Butler County operates 6 public schools serving 2,900 students, placing it among the smaller districts in Alabama. The school portfolio breaks down into 3 other, 2 elementary, 1 high schools, giving families a clear picture of grade-band coverage before they move, rent, or enrol. Aggregated across those campuses, enrollment totals 2,699 pupils using the NCES Common Core of Data (CCD) 2022-23 release, and the district is geographically located in Butler County County.
Per-pupil expenditure runs $13,711 according to the NCES F-33 School District Finance Survey, which aggregates every revenue and spending line reported under federal accounting standards. The funding mix is 23.1% local, 53.2% state, and 23.7% federal — a breakdown that matters because districts leaning heavily on local revenue are more exposed to property-tax swings, while higher federal shares typically track Title I concentration. Average teacher compensation clocks in at $56,915 per NCES F-33, a signal of the district's ability to recruit and retain staff against neighbouring districts. The district's equity score — 46/100, ranked #85 of 146 in Alabama against a state average of 51 — measures how evenly funding reaches schools within its boundaries.
a 465.5:1 student-counselor ratio, above the 250:1 ASCA recommendation, and 38.9% chronic absenteeism from the 2021-22 Civil Rights Data Collection. Demographically, the student body averages 62.8% African American, 30.5% White, 2.9% Hispanic or Latino across the district's schools.
Wo Parmer Elementary School accounts for 19.6% of all Butler County student enrollment
That concentration — well above the 8.4% national median for largest-entity share — means Butler County-wide averages can mask substantial variation outside the dominant entity. Grade band: other. A single dominant campus often anchors a district's program offerings and staffing patterns; the share helps explain why district-wide averages may not reflect the typical neighbourhood-school experience. When one entity dominates a region's footprint, its programmatic and budget decisions effectively set policy for a majority of the affected population.
Butler County has higher-than-average Title I eligibility — 77.6% of the population qualifies for free or reduced-price lunch
free or reduced-price lunch eligibility is the federal threshold for Title I funding allocations, established under the Every Student Succeeds Act (ESSA, 2015). Areas above 75% eligibility — including this one — receive concentration grants on top of the basic Title I formula. Regions with eligibility this high typically draw a substantially larger federal funding share relative to their local tax base, which can either offset or reinforce existing gaps depending on allocation policy.

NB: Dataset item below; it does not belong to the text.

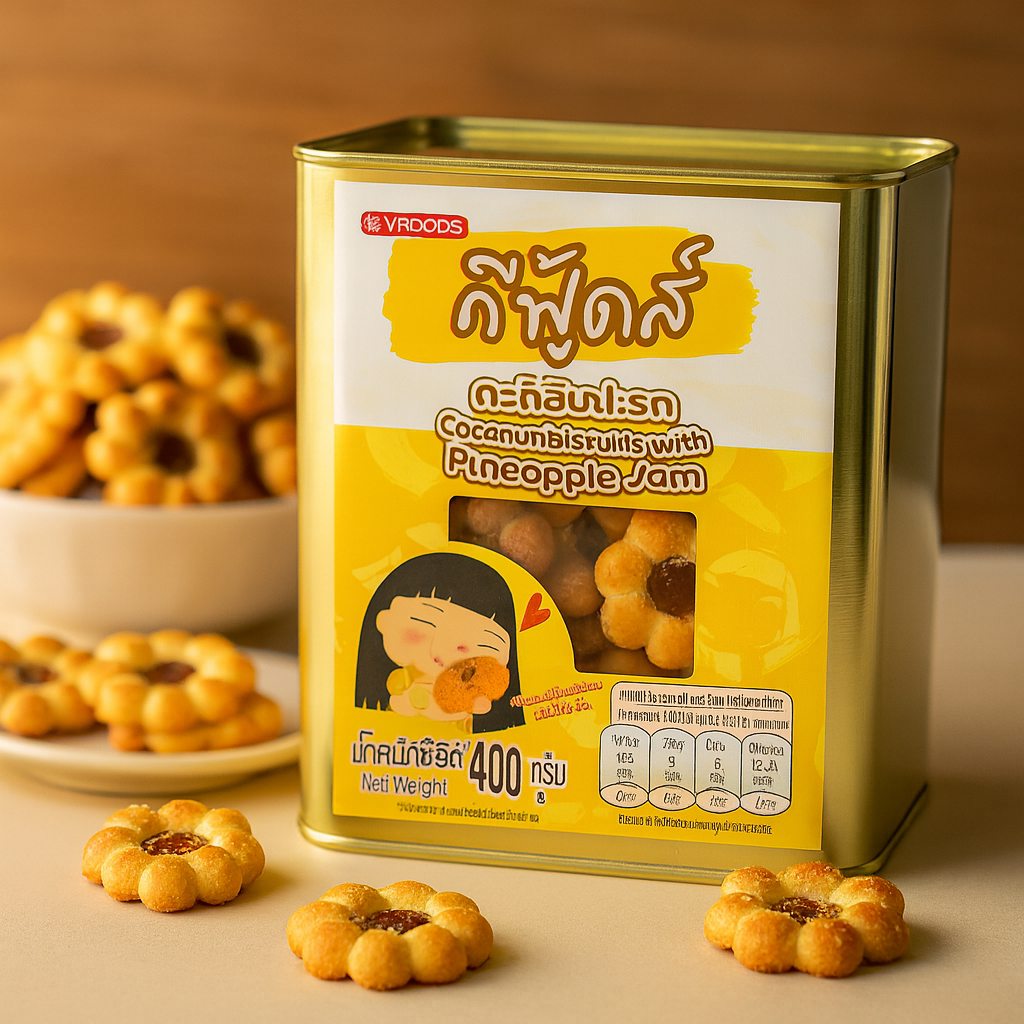 วีฟู้ดส์ ขนมปังกรอบกะทิไส้สับปะรด(ขนมปี๊บ) 400 กรัม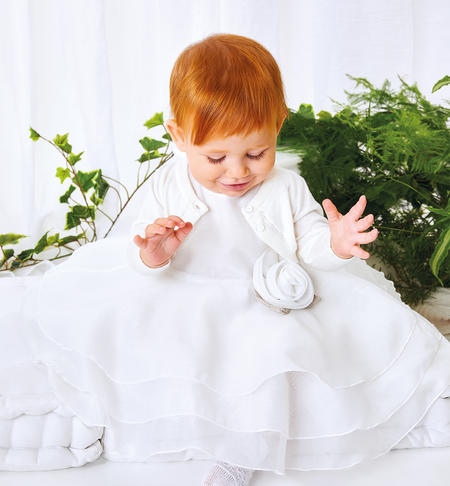 Elegant baby girl formal dress in linen CREAM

Butler County student-counselor ratio is 466:1 — high (typically associated with staffing constraints that limit per-student counselor time; CRDC data shows higher ratios cluster in larger urban systems)
student-counselor ratio is the simplest comparative metric but it does not capture the full picture: the ratio counts FTE counselors against total enrollment — districts that contract intervention or social-emotional staff outside the counselor classification may be under-counted Higher values may reflect larger urban scale or recent resource constraints that have widened the gap.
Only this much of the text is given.